Canapés for the Kitties
Page 21
“And I will,” Lorinda promised again. “Unless they put me in the padded cell next door to you. It looks as though it might fall to Freddie to take care of all three cats.”
“Much as I’d like to oblige,” Freddie said, “I wouldn’t advise you to count on me. The way things are going, you’ll find me in the padded cell on the other side.”
“What are you talking about?” Macho looked from one to the other with a faint puzzled hope beginning to dawn on his face.
“You find bottles.” Since she had started it, Lorinda accepted that she should go first. “I found Miss Petunia’s pince-nez, but they disappeared again and I keep finding chapters I haven’t written.” There was no need at the moment to confess to the chapters she had written. “And the latest wrinkle was a message from Marigold on my answering machine that disappeared when I tried to replay it.”

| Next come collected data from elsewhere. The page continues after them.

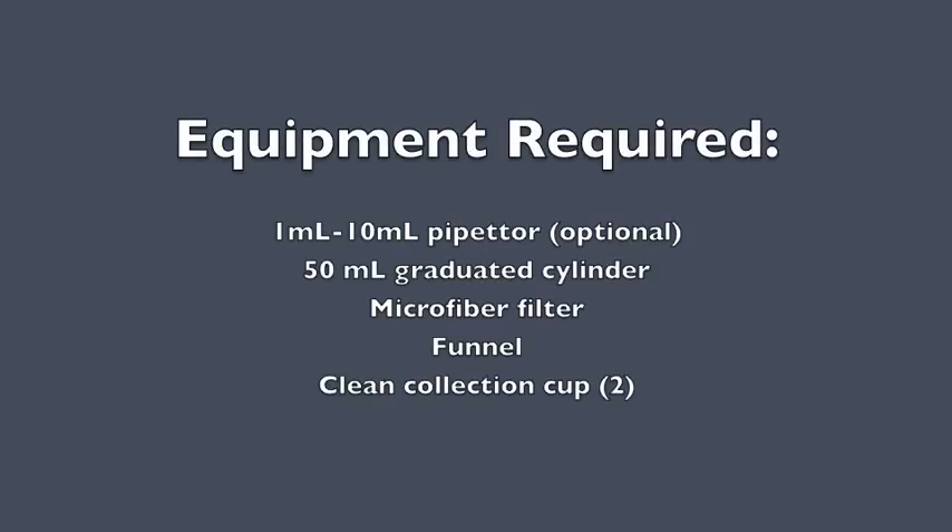For extract dilution, you will need a pipetter, a graduated cylinder, a microfiber filter, a funnel, and two clean collection cups.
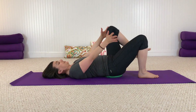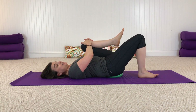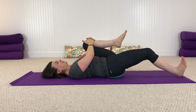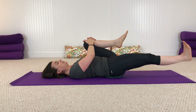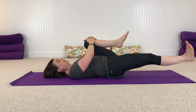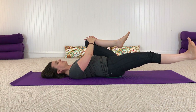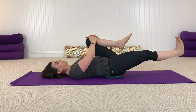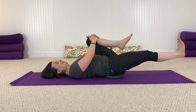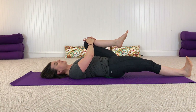Bring your left knee into your chest and give it a little squeeze. Slowly slide your right foot away from you, reaching out through that heel. Continue to lengthen through that right foot and float it just a few inches off the floor, knee as straight as you can, as we slowly rock the right leg from side to side. Then bring that leg back to center, lower the heel down, draw that left knee towards you, and enjoy a breath.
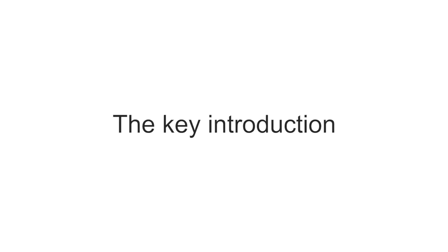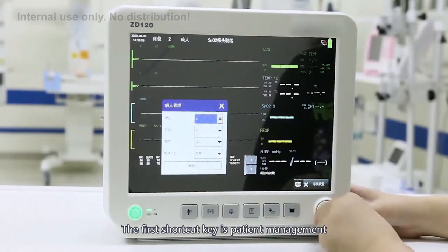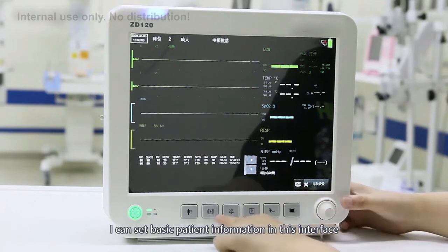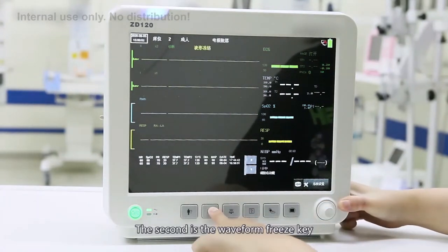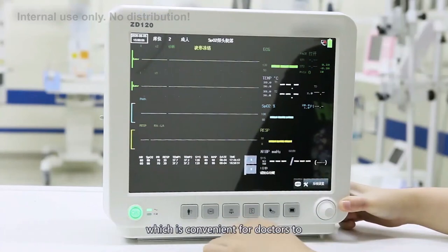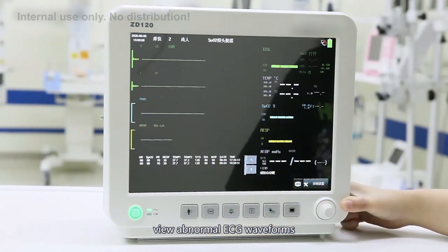Key introduction. The first shortcut key is patient management, where you can set basic patient information. The second is the waveform freeze key. A short press will freeze the measured ECG waveform, which is convenient for doctors to review abnormal ECG waveforms.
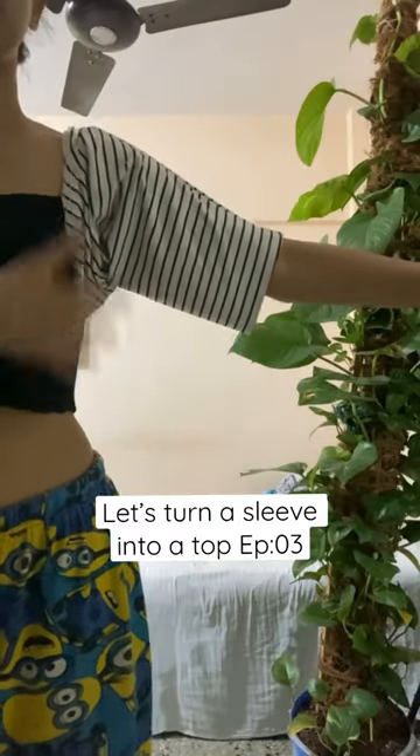Today I'm going to try to make something out of these leftover sleeves from the previous top that I upcycled. I wanted to make a cute crop top.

“Then it’s not just me.” Macho quivered with relief. They both turned to look at Freddie.
“OK,” Freddie said. “I can admit it now. Wraith O’Reilly has staked out the old graveyard. I keep seeing her there. Just glimpses, almost out of the corner of my eye, a flash of red hair, a flutter of the grey skirt. She’s gone when I try to approach for a closer look. So far, she’s confined herself to the graveyard, but I sometimes wonder for how much longer. It scares the hell out of me to think that I might turn around some day and find her in the house with me.”
“That’s it exactly!” Macho said. “Where is he? What is he doing? What does he want? There’s no overt threat, but the feeling of menace is there underneath.”
“Actually,” Lorinda said, “mine are threatening. Miss Petunia and Lily are definitely out to get me. Marigold is softer and kinder, but she always is. Of course,” she added apologetically, “I’m afraid I’ve given them good reason to be annoyed with me.”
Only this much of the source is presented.